[Work instruction]
When copying the data below, keep only the lines from the one with "Giá cao su hôm" through the one with "Mastering The Flowering", word for word, and skip the pictures.

[Given information]
────────────────────

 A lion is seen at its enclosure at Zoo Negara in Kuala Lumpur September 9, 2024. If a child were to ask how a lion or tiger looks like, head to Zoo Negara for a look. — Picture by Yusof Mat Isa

────────────────────

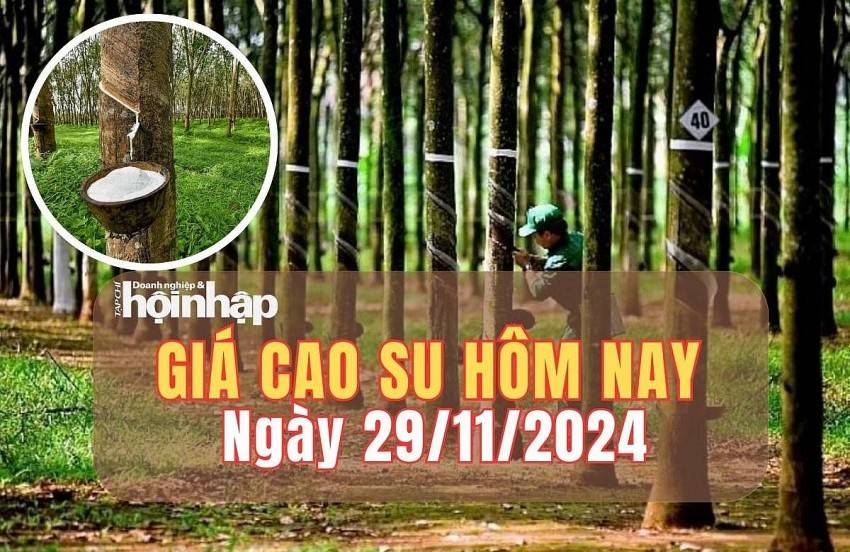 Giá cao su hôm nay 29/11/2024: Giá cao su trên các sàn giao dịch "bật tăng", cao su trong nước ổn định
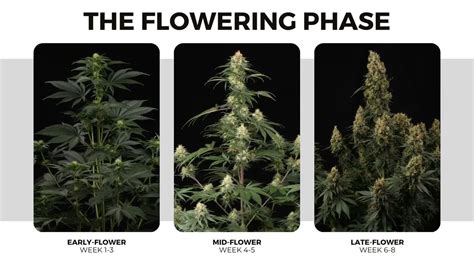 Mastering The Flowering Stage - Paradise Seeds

────────────────────

[Answer box]
 Giá cao su hôm nay 29/11/2024: Giá cao su trên các sàn giao dịch "bật tăng", cao su trong nước ổn định
 Mastering The Flowering Stage - Paradise Seeds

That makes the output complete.